* [AIM OF THE EXERCISE] All records below must be written out exactly, with the pictures excluded.

* [EXTRACTED ENTRIES]
☆ ☆ ☆ ☆

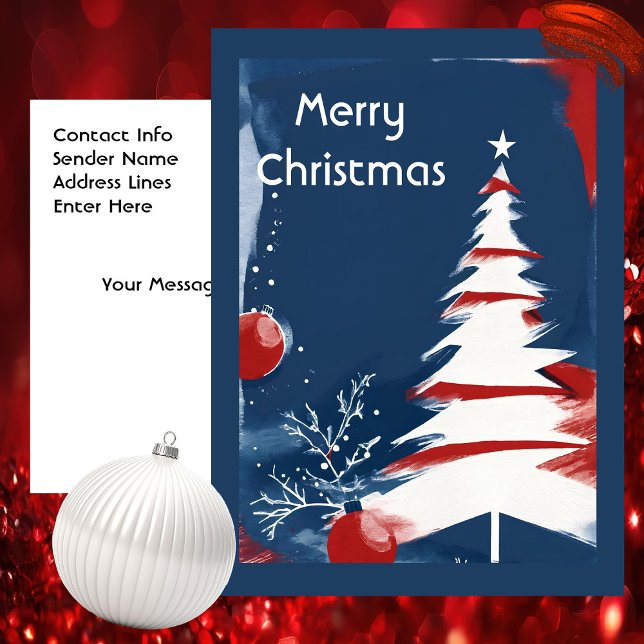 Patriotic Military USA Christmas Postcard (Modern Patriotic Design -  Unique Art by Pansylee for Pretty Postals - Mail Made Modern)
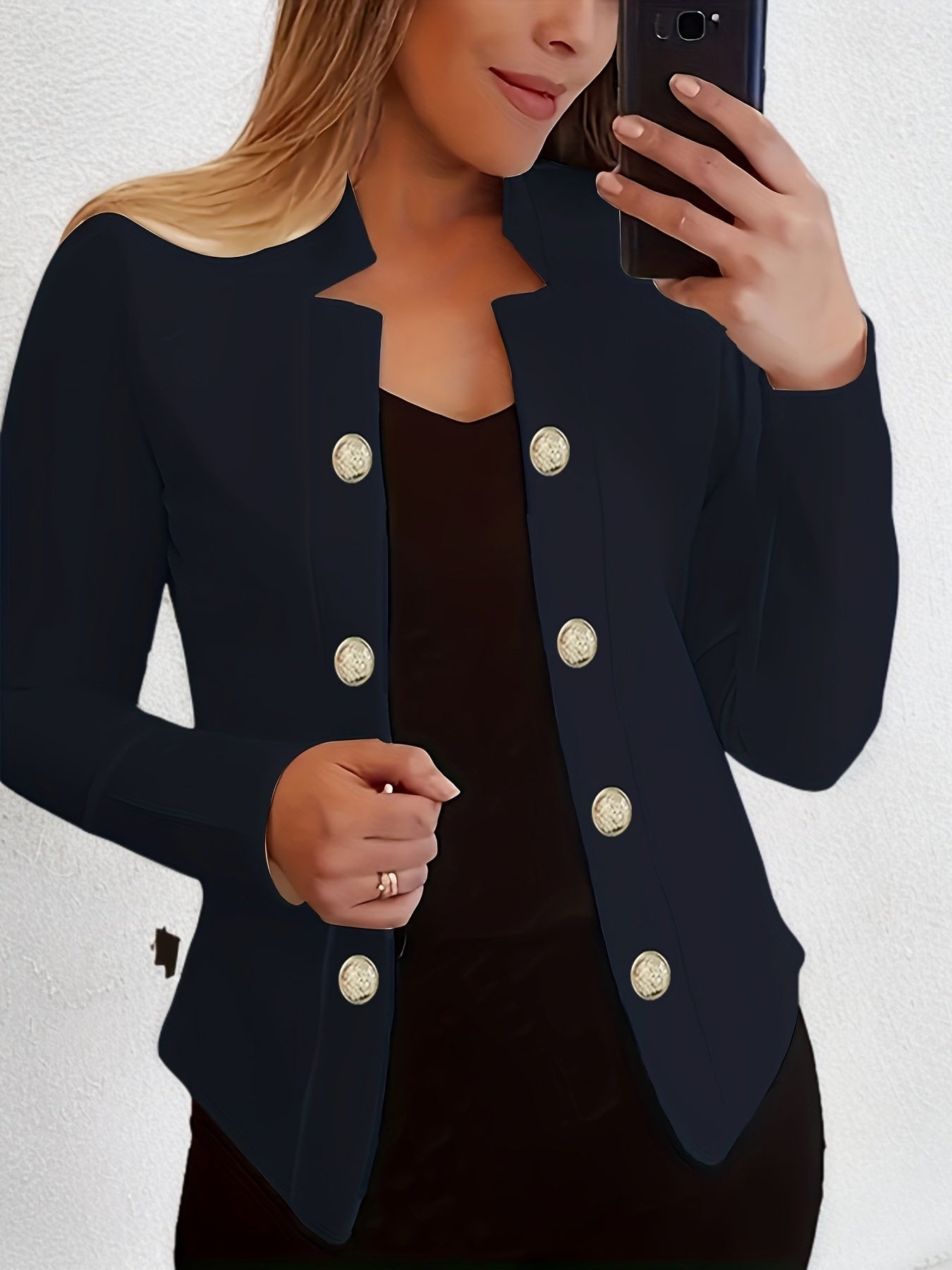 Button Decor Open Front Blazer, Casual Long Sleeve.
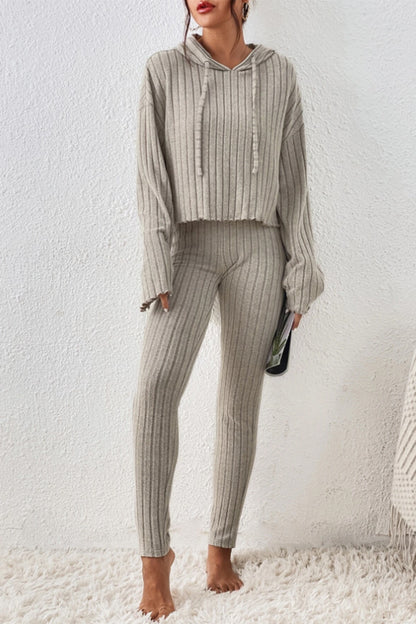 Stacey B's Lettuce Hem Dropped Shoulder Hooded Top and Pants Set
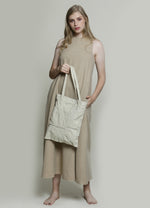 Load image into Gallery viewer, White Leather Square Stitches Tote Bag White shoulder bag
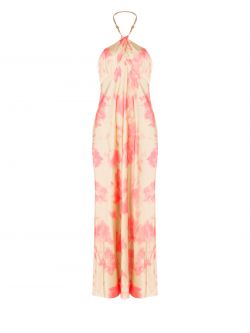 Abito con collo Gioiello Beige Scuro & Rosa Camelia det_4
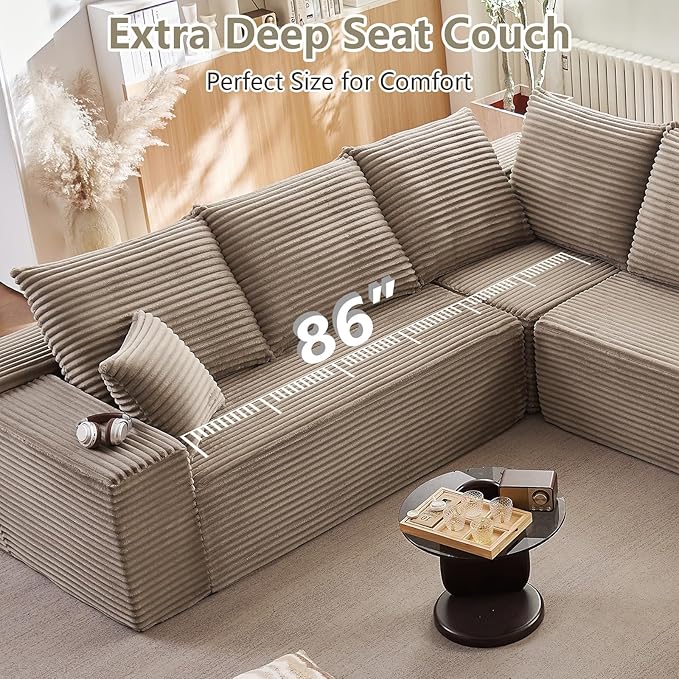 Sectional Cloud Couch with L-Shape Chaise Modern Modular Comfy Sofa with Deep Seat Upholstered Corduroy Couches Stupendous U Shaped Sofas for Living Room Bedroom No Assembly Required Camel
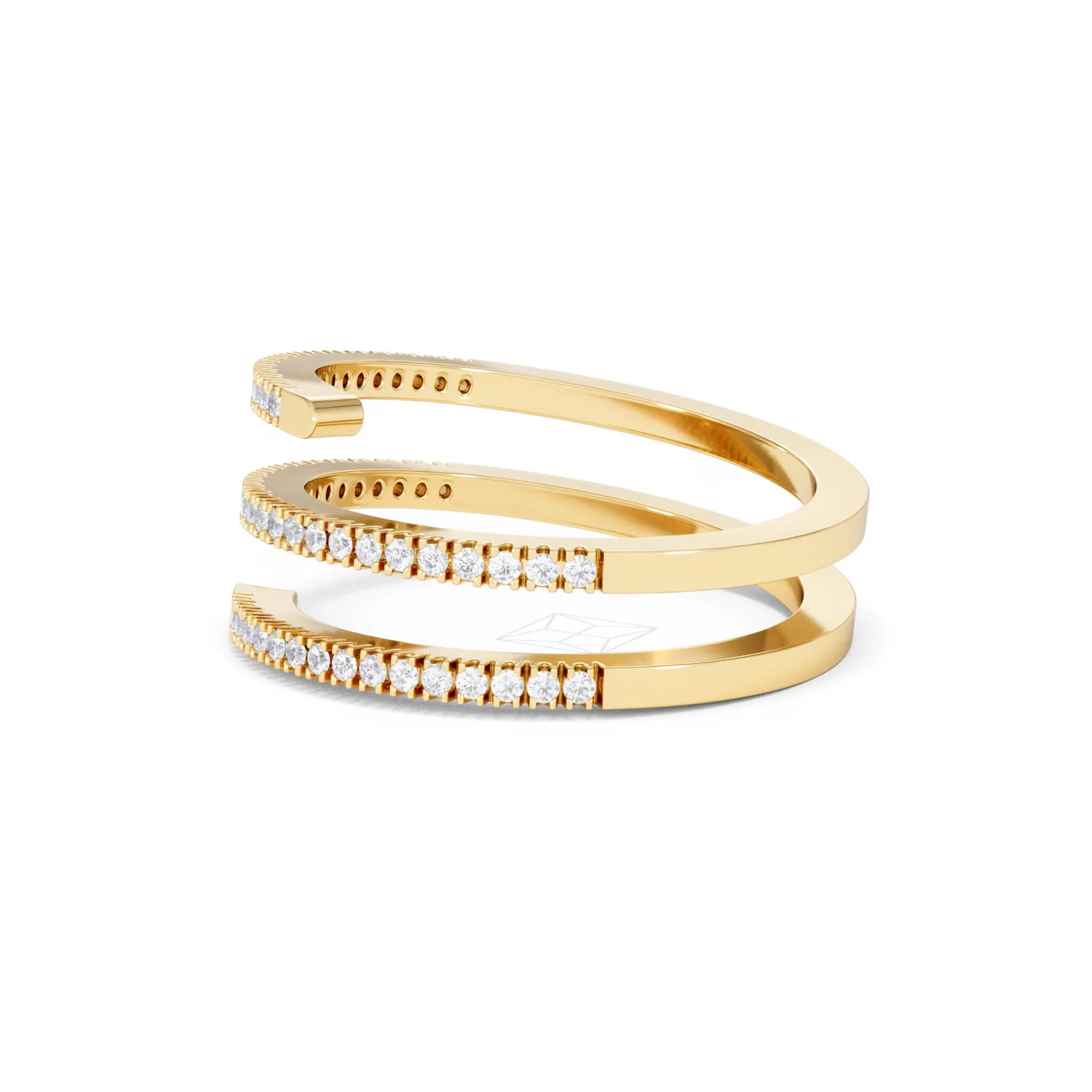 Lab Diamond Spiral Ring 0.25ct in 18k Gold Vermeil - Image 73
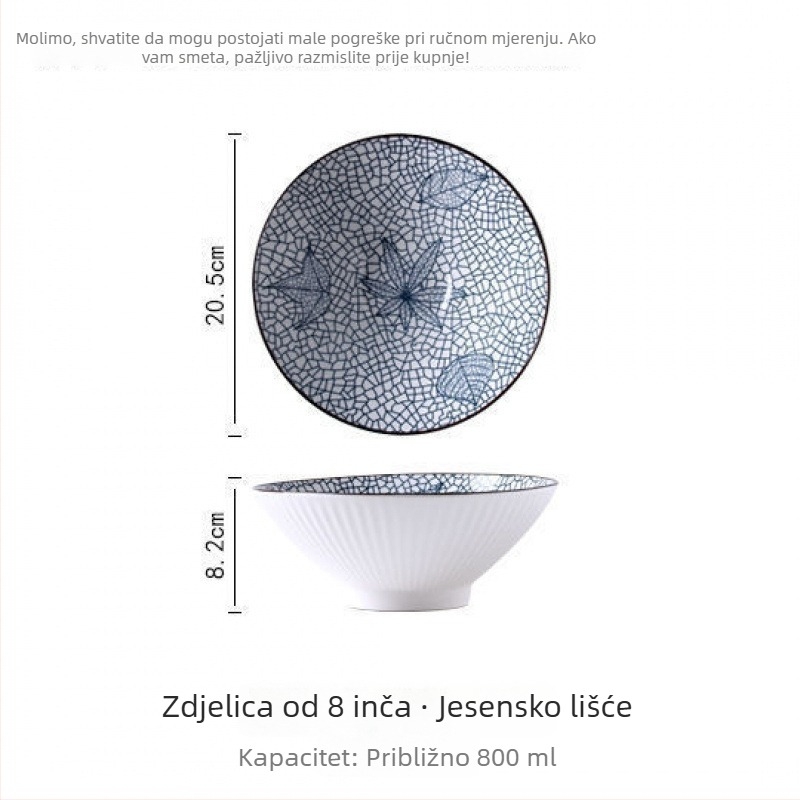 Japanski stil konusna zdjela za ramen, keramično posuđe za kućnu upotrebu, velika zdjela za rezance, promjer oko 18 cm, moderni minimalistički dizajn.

☆ ☆ ☆ ☆

* [RESULT OF THE EXERCISE]
 Patriotic Military USA Christmas Postcard (Modern Patriotic Design -  Unique Art by Pansylee for Pretty Postals - Mail Made Modern)
 Button Decor Open Front Blazer, Casual Long Sleeve.
 Stacey B's Lettuce Hem Dropped Shoulder Hooded Top and Pants Set
 Load image into Gallery viewer, White Leather Square Stitches Tote Bag White shoulder bag
 Abito con collo Gioiello Beige Scuro & Rosa Camelia det_4
 Sectional Cloud Couch with L-Shape Chaise Modern Modular Comfy Sofa with Deep Seat Upholstered Corduroy Couches Stupendous U Shaped Sofas for Living Room Bedroom No Assembly Required Camel
 Lab Diamond Spiral Ring 0.25ct in 18k Gold Vermeil - Image 73
 Japanski stil konusna zdjela za ramen, keramično posuđe za kućnu upotrebu, velika zdjela za rezance, promjer oko 18 cm, moderni minimalistički dizajn.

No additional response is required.